Sorry Sully, my argument truly is NOT with you. My argument is very much one with some ill-informed modern writers who have misconstrued the term "Variant" at best, and completely lost the historical context of this fly at worst. J. Edson Leonard in "Flies" says this about the Variant, a fly he lists under general categories of fly styles, like Bivisibles, Fore-and-Aft, etc.:

"The Variant is purely an American version of the dry fly...The Variant type is dressed with a hackle several sizes larger than regular...The neatest variants are tied with hackle-tip wings a little shorter thant the wings of a regular fly, cocked approximately midway between the position of the spent-wing and the upright. "

From a book that's only a couple of years old, Terry Hellekson also gets it right with this description of the fly type "Variant".

"Dr. William Baigent of England gave us the Variant design around 1875. Tha Variants are tied the same as spiders, with one exception-they have wings. Many prefer the Variants over the Spiders just for that reason, thinking that the fish may have some slight advantage from distant angles, and a wing might possibly make a difference."

Dick Stewart's Universal Fly Tying guide has the Variant listed under "Dry Fly hackle Variations", along with thorax, parachute, spider, full and sparse" and I could go along with that.

Dave Hughes in "Trout Flies" (1999) says this:

"Variants have overlength tails and ovesize hackles, and they imitate the impressions made by an insect's appendages dimpling the water rather than representing the insect itself".

Of course, the most famous Variant of all is Art Flick's Gray Fox Variant. I think this is where some of the confusion over the term Variant originates. I think people see this fly as a variation of Preston Jennings Gray Fox, which it most certainly is. I think they then assume that Variant in this case means variation, which it most certainly does not. In the words of Flick from "Master Fly Tying Guide":

"in all cases the hackle sizes are much larger thay would be if tied on a conventional dry fly. For example, if I were making the Variant on a size 12 hook, the hackles would be about the size or larger than they would be if I were making a size 8 or 6 regular fly. A size 18 Variant would have hackles the size that one would use on about a size 14 fly."

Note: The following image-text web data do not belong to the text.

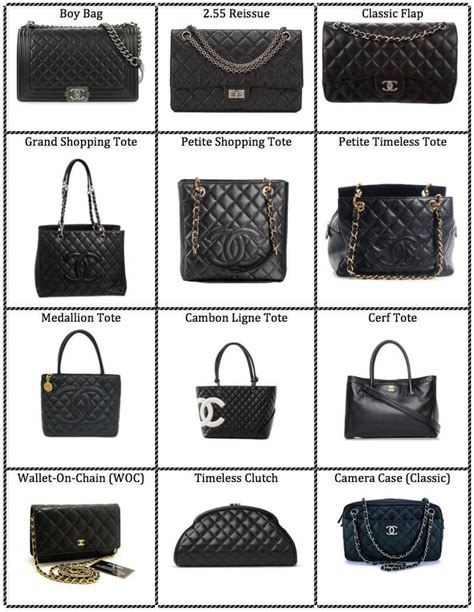 chanel handbag types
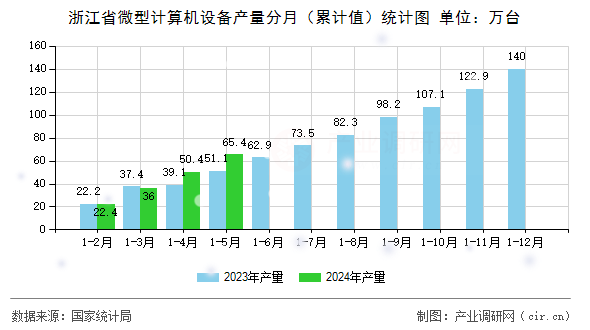 浙江省微型計(jì)算機(jī)設(shè)備產(chǎn)量分月（累計(jì)值）統(tǒng)計(jì)圖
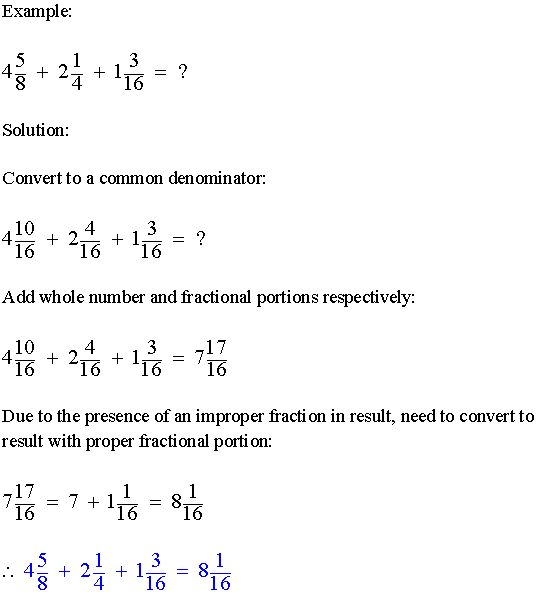 addition-of-mixed-numbers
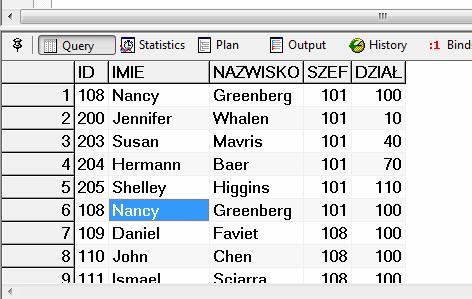 Operatory zbiorowe: UNION, INTERSECT, MINUS UNION ALL: zwraca sumę zbiorów wierszy z dwóch lub więcej zapytań, uwzględnia wszystkie powtórzenia wierszy. UNION ALL nie sortuje wierszy.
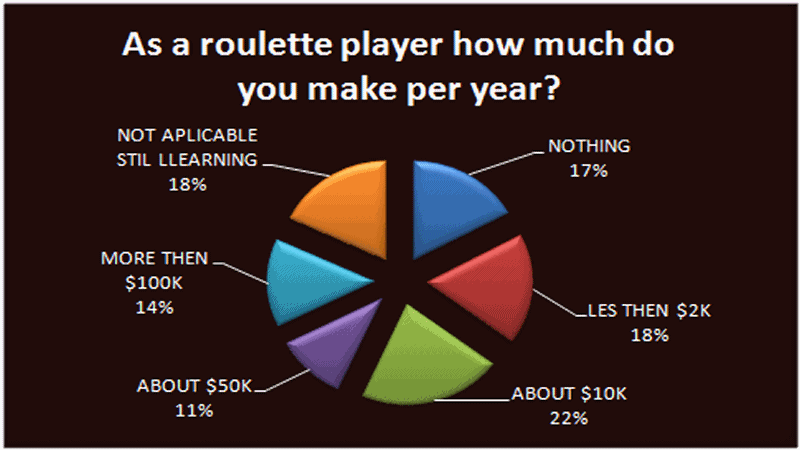 Roulette Survey: How Much Do Players Win Per Year?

I could site many, many more examples from all sorts of fishing and tying literature to support the notion that the Variant is a type or style of fly, as is the parachute, thorax, bivisible, etc. Now I will say that I've seen several sources that call certain strains of hackle "variants", typically ones that are multicolored or stripped. That said, when referring to flies themselves, a Variant is a very specific fly type, and not simply any change to a known pattern. I hope this clears this up.